THE TASK: Give back word for word every line from the one that includes "ProSoft Technology ILX56-MM" through the last line of the listing, and nothing besides.

"""

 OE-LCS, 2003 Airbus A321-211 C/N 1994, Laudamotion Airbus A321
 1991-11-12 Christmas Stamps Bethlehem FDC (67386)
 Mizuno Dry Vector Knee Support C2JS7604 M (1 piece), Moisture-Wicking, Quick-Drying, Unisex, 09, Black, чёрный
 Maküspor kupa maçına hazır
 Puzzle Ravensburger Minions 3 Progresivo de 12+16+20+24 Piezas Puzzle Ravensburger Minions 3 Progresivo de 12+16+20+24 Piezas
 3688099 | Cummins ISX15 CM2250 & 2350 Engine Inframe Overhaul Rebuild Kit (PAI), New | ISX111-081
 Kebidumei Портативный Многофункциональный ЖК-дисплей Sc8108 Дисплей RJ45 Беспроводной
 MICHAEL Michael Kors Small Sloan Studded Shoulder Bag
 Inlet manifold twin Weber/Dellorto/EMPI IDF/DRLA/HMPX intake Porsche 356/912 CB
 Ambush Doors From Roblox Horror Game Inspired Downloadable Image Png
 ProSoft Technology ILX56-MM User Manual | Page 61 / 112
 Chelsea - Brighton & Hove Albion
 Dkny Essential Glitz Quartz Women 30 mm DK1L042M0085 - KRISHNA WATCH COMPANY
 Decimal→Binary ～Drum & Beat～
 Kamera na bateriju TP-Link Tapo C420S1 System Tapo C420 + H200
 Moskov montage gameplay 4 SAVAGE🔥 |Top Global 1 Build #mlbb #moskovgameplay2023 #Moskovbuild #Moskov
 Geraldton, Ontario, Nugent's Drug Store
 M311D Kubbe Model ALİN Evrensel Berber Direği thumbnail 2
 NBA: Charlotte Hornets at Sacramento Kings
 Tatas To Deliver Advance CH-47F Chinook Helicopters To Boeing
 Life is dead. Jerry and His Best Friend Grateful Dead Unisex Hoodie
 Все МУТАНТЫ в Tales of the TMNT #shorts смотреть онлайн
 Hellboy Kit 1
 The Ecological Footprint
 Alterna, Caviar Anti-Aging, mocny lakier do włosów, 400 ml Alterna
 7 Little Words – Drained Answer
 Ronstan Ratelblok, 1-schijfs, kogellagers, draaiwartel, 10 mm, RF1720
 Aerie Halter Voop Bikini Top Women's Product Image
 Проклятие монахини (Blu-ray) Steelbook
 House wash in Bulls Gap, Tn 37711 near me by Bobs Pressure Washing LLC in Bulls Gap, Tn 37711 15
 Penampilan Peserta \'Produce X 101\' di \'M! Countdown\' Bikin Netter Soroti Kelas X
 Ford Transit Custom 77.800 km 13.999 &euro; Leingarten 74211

"""

ANSWER TO THIS PROBLEM:
 ProSoft Technology ILX56-MM User Manual | Page 61 / 112
 Chelsea - Brighton & Hove Albion
 Dkny Essential Glitz Quartz Women 30 mm DK1L042M0085 - KRISHNA WATCH COMPANY
 Decimal→Binary ～Drum & Beat～
 Kamera na bateriju TP-Link Tapo C420S1 System Tapo C420 + H200
 Moskov montage gameplay 4 SAVAGE🔥 |Top Global 1 Build #mlbb #moskovgameplay2023 #Moskovbuild #Moskov
 Geraldton, Ontario, Nugent's Drug Store
 M311D Kubbe Model ALİN Evrensel Berber Direği thumbnail 2
 NBA: Charlotte Hornets at Sacramento Kings
 Tatas To Deliver Advance CH-47F Chinook Helicopters To Boeing
 Life is dead. Jerry and His Best Friend Grateful Dead Unisex Hoodie
 Все МУТАНТЫ в Tales of the TMNT #shorts смотреть онлайн
 Hellboy Kit 1
 The Ecological Footprint
 Alterna, Caviar Anti-Aging, mocny lakier do włosów, 400 ml Alterna
 7 Little Words – Drained Answer
 Ronstan Ratelblok, 1-schijfs, kogellagers, draaiwartel, 10 mm, RF1720
 Aerie Halter Voop Bikini Top Women's Product Image
 Проклятие монахини (Blu-ray) Steelbook
 House wash in Bulls Gap, Tn 37711 near me by Bobs Pressure Washing LLC in Bulls Gap, Tn 37711 15
 Penampilan Peserta \'Produce X 101\' di \'M! Countdown\' Bikin Netter Soroti Kelas X
 Ford Transit Custom 77.800 km 13.999 &euro; Leingarten 74211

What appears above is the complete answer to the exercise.